THE DATA>
[Start of section]

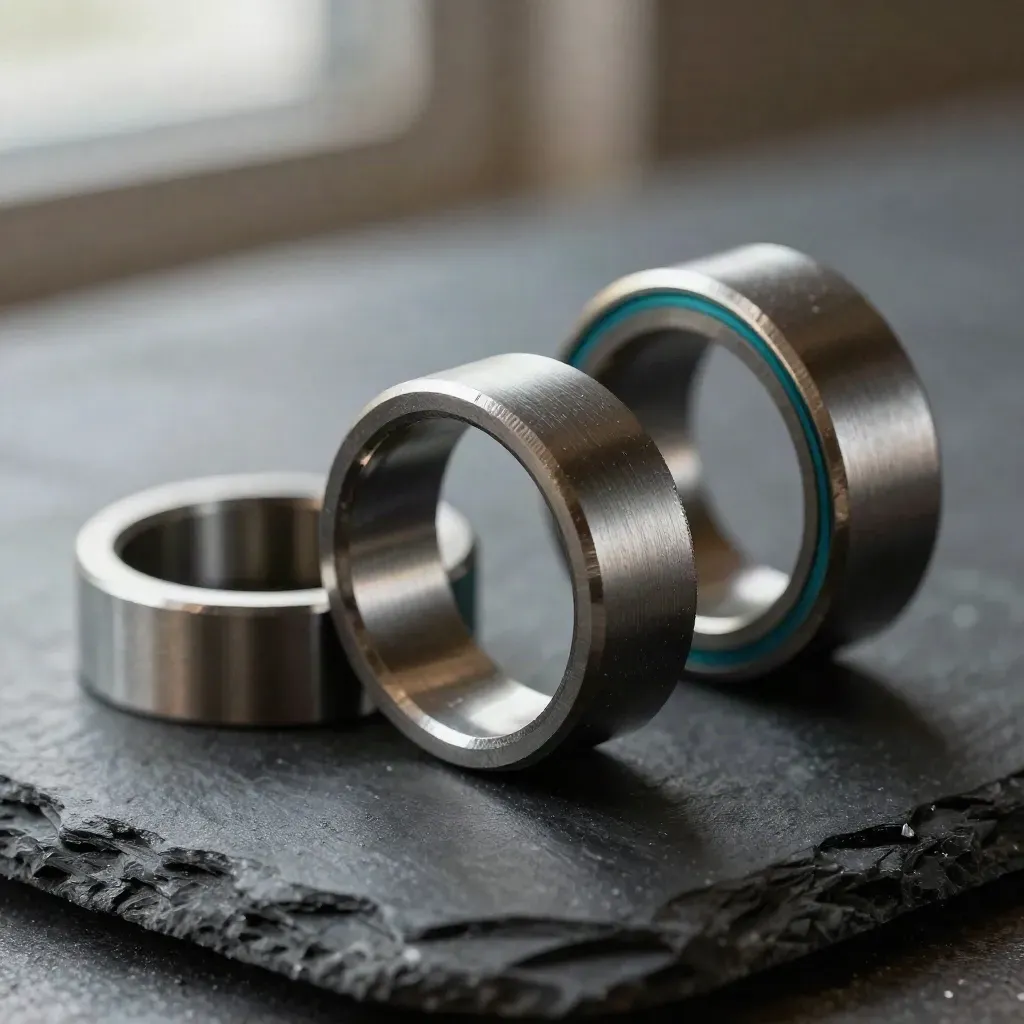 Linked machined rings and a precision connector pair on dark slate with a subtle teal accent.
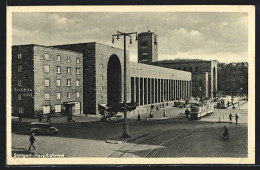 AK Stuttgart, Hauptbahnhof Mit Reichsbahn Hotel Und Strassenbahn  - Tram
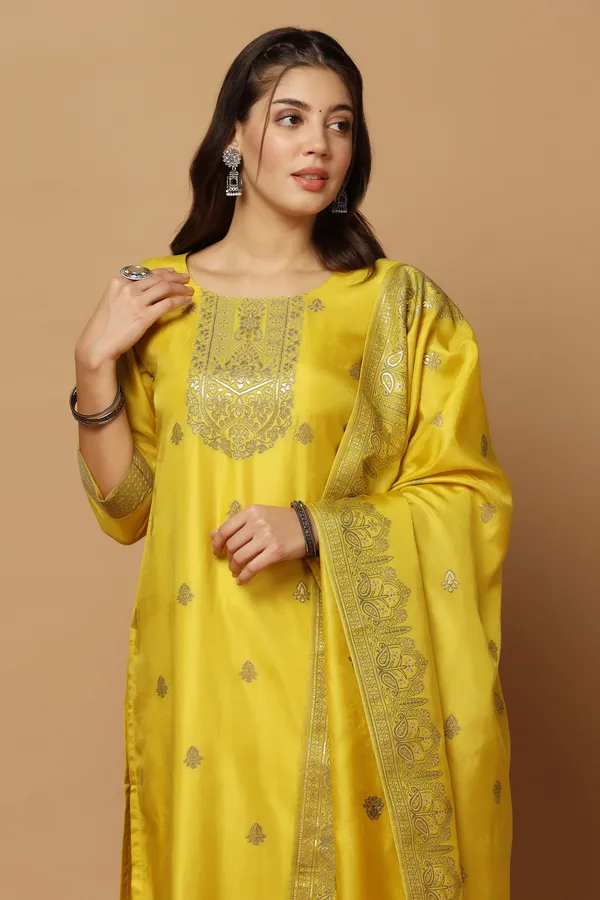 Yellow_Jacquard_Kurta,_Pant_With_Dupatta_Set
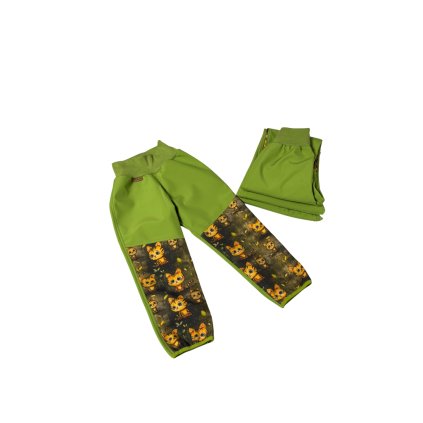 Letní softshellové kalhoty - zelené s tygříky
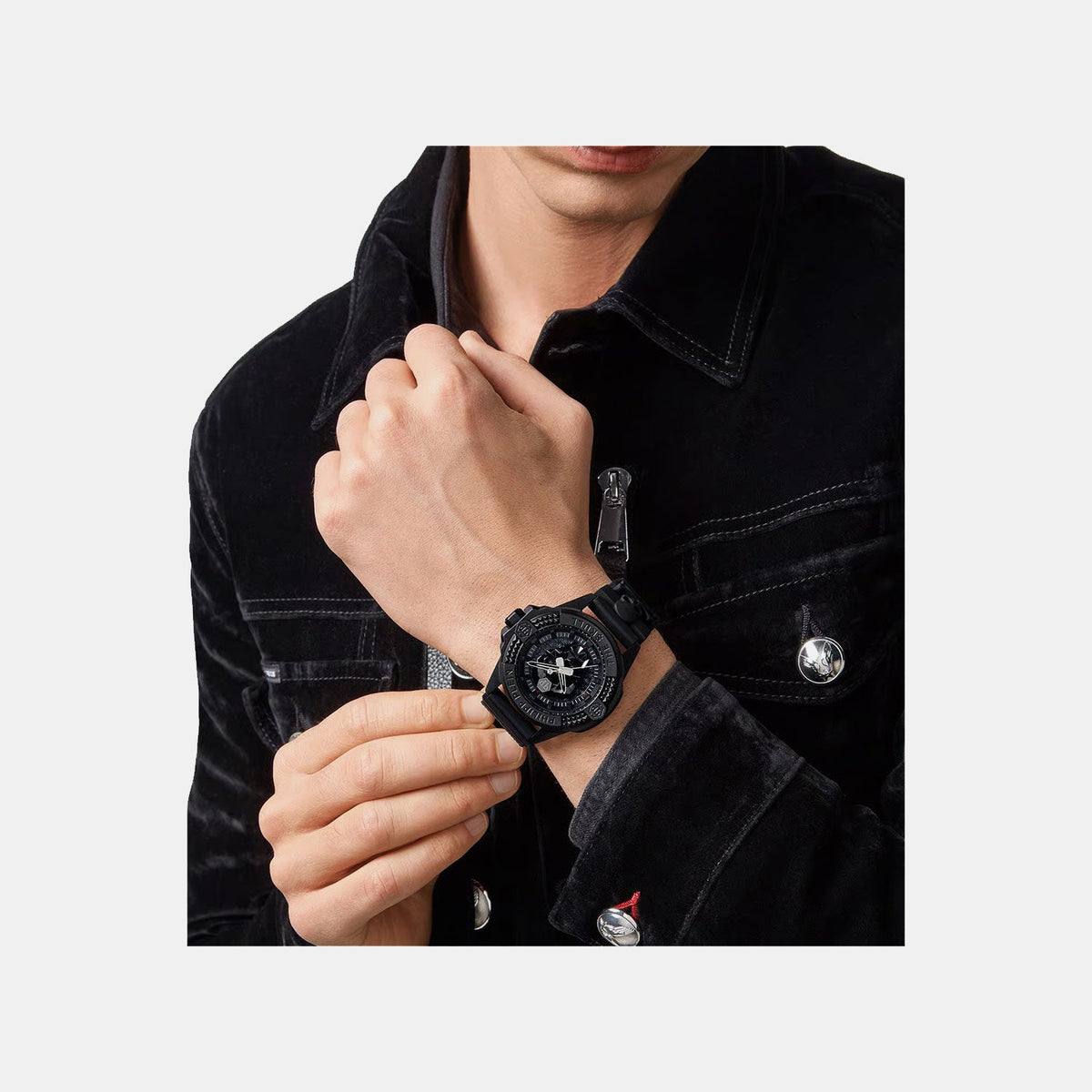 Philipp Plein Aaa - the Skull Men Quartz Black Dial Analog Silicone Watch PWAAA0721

[End of section]
[Start of section]

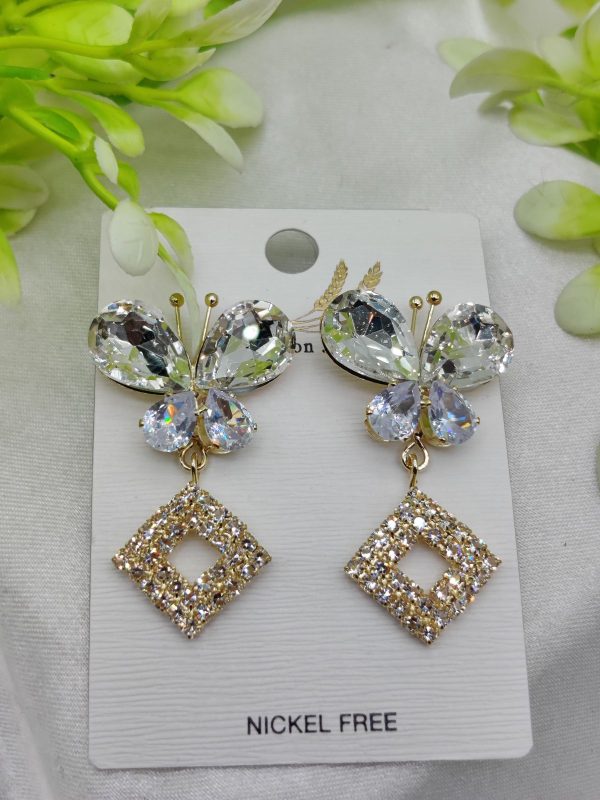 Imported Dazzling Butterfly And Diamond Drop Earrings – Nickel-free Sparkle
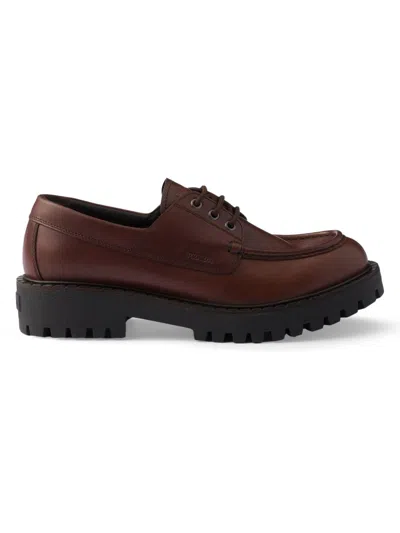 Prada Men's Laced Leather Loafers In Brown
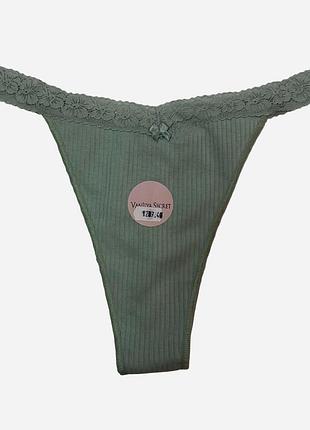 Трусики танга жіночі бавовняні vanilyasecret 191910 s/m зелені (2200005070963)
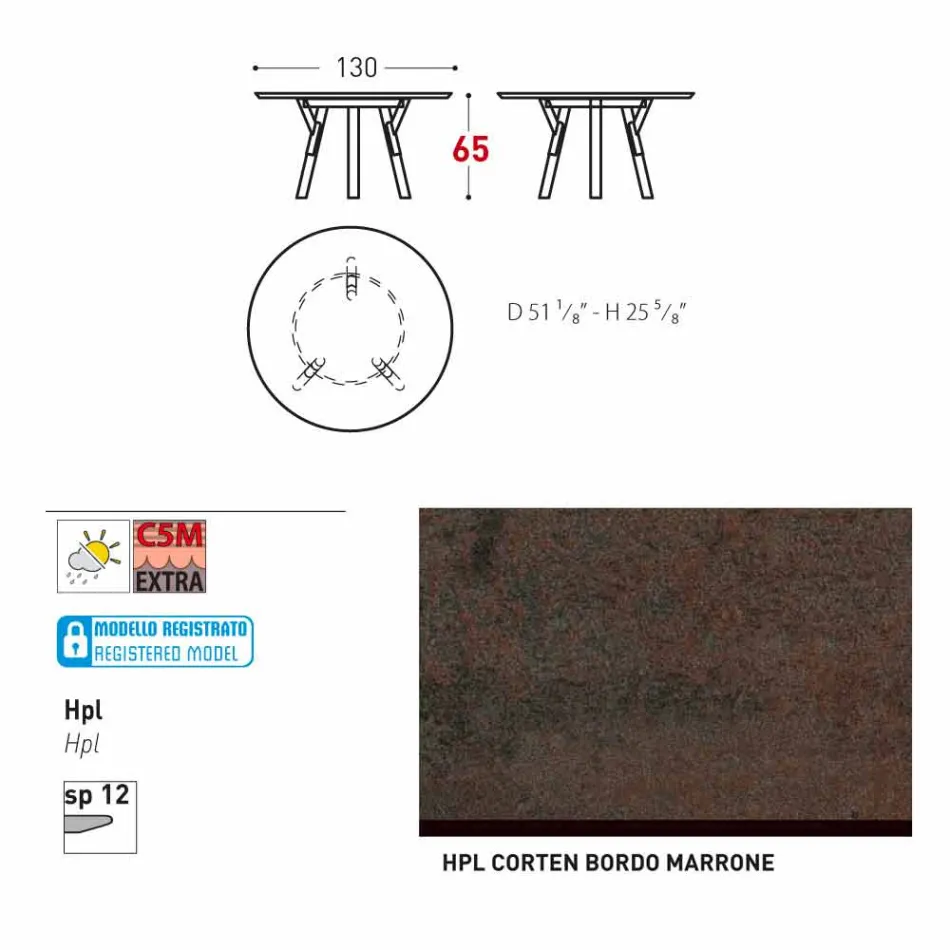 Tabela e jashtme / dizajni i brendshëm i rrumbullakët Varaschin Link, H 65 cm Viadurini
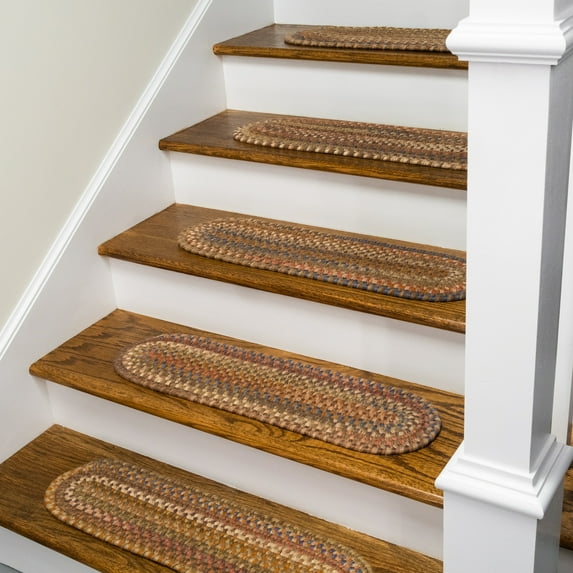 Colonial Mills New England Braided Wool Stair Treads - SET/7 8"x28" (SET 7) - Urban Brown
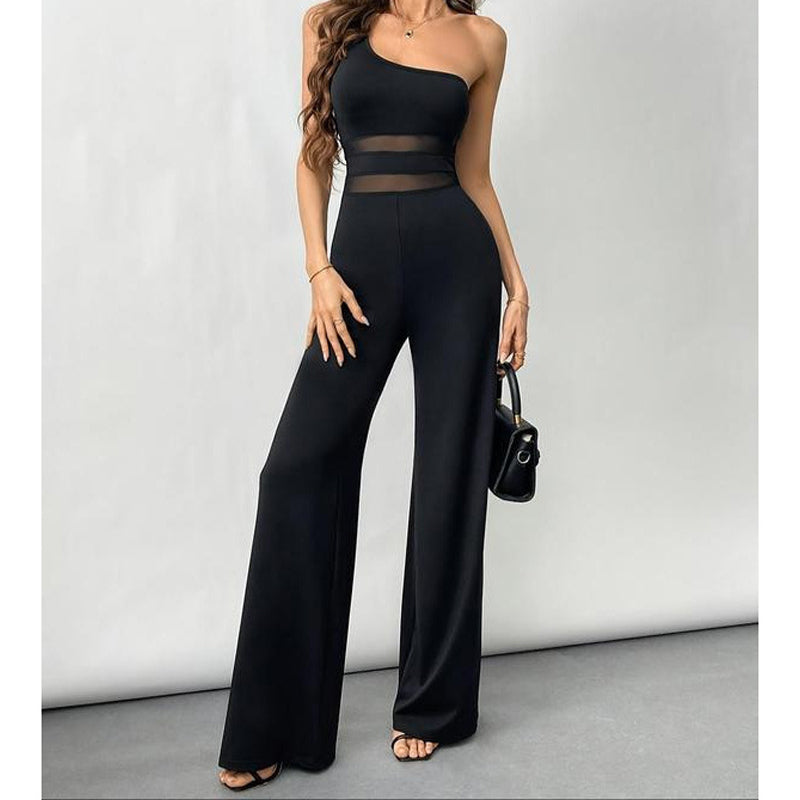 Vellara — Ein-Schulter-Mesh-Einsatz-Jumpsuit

[End of section]
[Start of section]

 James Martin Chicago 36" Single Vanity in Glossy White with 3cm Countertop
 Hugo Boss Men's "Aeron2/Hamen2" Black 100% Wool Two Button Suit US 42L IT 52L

[End of section]

WORK INSTRUCTION> Could the stretch from the line with "Colonial Mills New" through the line with "Vellara — Ein-Schulter-Mesh-Einsatz-Jumpsuit" in the listing above be restated word for word, minus the pictures?

ANSWER SPACE>
 Colonial Mills New England Braided Wool Stair Treads - SET/7 8"x28" (SET 7) - Urban Brown
 Vellara — Ein-Schulter-Mesh-Einsatz-Jumpsuit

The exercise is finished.